AtHUB2 is a functional E3 ligase. (a) Yeast two‐hybrid (Y2H) assays. GhH2B1‐pGADT7 was transformed into yeast cells with either the pGBKT7 vector alone (BDB) or AtHUB2‐pGBKT7, and growth was monitored on selective medium plates. (b) Pull‐down assay. GST‐HUB2 and GST alone were incubated with GhH2B1‐His. And detected with an anti‐GST antibody and anti‐His antibody. (c) Split‐luciferase assay. GhH2B1‐LUC ⁿ and LUC ^c‐AtHUB2 co‐injection tobacco. The combinations of LUC ⁿ and LUC ^c, LUC ⁿ and LUC ^c‐ AtHUB2, and GhH2B1‐LUC ⁿ and LUC ^c were used as negative controls. (d) AtHUB2 possesses E3 ubiquitin ligase activity in vitro. GST‐AtHUB2 and the point mutant GST‐HUB2 ^C346A/H348 were tested for E3 ubiquitin ligase activity. Anti‐Ub and anti‐GST antibodies were used to detect ubiquitinated proteins and GST‐AtHUB2 variants respectively. The asterisk indicates the polyubiquitinated proteins. (e) Global histone modification in the control (CCRI24) and transgenic lines.
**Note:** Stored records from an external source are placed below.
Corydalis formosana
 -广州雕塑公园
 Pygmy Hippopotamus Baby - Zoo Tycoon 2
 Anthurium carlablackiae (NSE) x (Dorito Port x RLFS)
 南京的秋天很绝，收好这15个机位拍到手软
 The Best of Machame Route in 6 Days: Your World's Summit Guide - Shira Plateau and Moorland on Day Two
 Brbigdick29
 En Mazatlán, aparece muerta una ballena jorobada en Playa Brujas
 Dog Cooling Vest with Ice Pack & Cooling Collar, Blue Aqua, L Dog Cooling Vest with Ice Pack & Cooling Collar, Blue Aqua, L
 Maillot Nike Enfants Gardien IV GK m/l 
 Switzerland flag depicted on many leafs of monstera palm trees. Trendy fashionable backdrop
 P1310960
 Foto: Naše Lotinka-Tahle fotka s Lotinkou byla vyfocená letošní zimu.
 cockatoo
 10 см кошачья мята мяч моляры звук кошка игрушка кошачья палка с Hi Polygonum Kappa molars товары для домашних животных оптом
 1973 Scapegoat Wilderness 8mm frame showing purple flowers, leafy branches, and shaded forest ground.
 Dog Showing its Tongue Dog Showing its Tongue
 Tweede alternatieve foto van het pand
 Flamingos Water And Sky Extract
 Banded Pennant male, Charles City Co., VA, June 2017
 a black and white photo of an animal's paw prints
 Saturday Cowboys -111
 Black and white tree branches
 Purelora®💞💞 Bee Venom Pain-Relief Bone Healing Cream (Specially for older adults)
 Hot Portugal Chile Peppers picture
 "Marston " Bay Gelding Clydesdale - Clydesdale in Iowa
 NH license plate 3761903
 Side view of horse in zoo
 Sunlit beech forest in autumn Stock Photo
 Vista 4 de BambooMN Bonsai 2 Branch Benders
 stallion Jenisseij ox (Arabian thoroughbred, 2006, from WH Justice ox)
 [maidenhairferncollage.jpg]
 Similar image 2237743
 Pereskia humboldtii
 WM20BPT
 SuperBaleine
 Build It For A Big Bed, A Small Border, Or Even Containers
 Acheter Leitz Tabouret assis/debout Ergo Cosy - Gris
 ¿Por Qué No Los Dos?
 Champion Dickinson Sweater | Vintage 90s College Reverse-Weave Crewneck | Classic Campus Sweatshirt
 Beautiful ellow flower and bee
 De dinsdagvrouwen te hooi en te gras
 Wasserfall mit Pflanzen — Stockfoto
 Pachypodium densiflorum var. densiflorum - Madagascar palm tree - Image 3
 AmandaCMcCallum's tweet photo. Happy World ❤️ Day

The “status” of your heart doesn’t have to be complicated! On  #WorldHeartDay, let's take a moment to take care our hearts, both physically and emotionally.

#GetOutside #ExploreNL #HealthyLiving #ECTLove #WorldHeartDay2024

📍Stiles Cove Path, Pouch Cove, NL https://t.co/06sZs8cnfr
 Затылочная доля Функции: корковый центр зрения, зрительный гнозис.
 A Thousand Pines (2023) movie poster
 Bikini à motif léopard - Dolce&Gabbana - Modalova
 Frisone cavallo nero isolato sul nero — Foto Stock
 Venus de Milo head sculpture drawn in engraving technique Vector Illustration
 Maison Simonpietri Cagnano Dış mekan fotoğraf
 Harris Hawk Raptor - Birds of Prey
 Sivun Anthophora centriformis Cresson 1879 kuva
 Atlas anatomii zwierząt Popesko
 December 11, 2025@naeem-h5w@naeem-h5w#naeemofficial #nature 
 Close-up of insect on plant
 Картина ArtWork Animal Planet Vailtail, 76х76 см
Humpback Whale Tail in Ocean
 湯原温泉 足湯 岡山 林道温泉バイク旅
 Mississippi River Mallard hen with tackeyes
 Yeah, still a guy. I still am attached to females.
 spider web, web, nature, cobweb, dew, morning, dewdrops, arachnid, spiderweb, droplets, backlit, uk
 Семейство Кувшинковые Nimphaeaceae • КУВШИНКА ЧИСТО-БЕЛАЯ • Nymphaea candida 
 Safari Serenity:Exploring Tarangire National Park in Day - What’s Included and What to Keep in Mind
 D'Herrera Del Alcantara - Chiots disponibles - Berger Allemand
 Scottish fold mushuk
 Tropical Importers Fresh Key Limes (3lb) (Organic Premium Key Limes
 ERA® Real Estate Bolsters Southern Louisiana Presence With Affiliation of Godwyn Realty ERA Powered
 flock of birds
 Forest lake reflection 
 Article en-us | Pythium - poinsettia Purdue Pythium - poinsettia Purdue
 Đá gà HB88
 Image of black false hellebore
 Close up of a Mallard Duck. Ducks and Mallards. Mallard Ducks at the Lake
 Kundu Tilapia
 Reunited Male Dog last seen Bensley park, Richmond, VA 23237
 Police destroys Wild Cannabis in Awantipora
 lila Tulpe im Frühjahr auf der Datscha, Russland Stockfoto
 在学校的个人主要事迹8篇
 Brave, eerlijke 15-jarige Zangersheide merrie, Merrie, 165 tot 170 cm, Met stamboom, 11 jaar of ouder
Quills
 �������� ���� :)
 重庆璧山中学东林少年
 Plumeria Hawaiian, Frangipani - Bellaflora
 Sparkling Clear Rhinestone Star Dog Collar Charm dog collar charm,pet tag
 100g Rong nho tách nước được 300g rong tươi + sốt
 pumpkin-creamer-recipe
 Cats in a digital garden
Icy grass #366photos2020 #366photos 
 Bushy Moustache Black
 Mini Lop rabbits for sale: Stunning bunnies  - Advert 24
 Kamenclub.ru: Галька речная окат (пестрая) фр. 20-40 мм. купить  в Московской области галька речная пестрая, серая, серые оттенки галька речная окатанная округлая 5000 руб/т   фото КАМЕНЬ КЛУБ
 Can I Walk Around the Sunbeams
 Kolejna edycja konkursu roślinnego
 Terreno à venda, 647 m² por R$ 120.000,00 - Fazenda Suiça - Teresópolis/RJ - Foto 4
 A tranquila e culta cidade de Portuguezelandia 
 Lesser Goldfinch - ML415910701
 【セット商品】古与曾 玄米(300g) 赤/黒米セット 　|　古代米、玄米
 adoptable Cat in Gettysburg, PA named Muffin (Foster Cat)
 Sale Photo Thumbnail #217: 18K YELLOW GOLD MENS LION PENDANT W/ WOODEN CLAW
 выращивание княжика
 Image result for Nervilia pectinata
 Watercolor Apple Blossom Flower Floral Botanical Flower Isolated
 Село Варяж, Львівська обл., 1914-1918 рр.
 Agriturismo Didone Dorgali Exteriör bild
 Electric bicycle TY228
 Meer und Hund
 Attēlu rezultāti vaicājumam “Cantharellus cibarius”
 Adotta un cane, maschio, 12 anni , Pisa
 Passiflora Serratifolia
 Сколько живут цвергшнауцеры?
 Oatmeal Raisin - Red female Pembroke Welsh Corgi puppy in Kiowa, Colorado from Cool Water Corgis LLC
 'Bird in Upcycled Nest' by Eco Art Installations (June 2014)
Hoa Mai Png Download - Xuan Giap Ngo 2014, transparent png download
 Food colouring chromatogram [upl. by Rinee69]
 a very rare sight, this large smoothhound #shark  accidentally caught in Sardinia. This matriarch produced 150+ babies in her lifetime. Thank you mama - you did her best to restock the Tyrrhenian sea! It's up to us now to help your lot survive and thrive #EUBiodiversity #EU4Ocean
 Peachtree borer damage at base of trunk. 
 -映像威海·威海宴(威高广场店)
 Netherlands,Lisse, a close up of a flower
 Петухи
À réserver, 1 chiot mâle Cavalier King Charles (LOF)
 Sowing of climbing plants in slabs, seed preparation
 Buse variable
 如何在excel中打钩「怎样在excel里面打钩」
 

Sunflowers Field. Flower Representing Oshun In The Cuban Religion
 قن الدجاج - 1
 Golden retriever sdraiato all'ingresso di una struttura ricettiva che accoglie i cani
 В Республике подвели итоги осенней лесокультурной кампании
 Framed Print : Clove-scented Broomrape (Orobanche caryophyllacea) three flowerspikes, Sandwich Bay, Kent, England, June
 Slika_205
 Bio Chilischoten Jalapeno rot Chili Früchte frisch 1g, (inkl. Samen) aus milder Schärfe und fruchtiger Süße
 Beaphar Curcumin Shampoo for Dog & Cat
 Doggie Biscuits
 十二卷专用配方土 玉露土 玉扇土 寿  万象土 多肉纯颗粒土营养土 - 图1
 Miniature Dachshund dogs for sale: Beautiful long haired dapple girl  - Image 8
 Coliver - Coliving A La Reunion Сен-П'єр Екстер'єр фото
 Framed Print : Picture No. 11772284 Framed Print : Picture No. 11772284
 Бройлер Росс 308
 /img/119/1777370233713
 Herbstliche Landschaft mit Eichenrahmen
H2B monoubiquitination was detected with an anti‐H2Bub1 antibody, and H3 was used as a loading control. ImageJ software was used to analyse the greyscale value of each band. Vertical bars represent SD (**P < 0.01). (f) Detection of H3K4 methylation on a global scale in the control (CCRI24) and transgenic lines. And an anti‐H3K4me2 and anti‐H3K4me3 antibodies were used to detect target band, respectively. H3K9me2 and H3K9me3 were used as unchanged controls, and H3 was used as a loading control. The number below the lane indicates the greyscale value of each band.

Figure 7

Detection of global histone H2Bub1 and H3K4me3 levels at the GhDREB chromatin locus. (a) Schematic diagram of the GhDREB gene. The exons are shown in boxes, and the indicated PCR fragments analysed in the ChIP assay are indicated with short black lines. P1: 2000 bp upstream of the ATG; P2: promoter region; P3: transcription start site (TSS) region; P4: gene body region. (b) H2Bub1 at the GhDREB locus in the CCRI24 and transgenic lines. Immunoprecipitated DNA was analysed via RT‐qPCR, and enrichment was determined as a percentage of the input. (c) H3K4me3 at the GhDREB locus in the CCRI24 and transgenic lines. (d) The GhUBI gene was selected as a housekeeping gene that was not differentially expressed in the transgenic lines. (e) Expression of GhDREB at different time points of air drought treatment in control and AtHUB2‐overexpressing lines. Real‐time RT‐qPCR quantification was normalized to the expression of GhUBI . Vertical bars represent SD. (*P < 0.05, **P < 0.01, ***P < 0.001).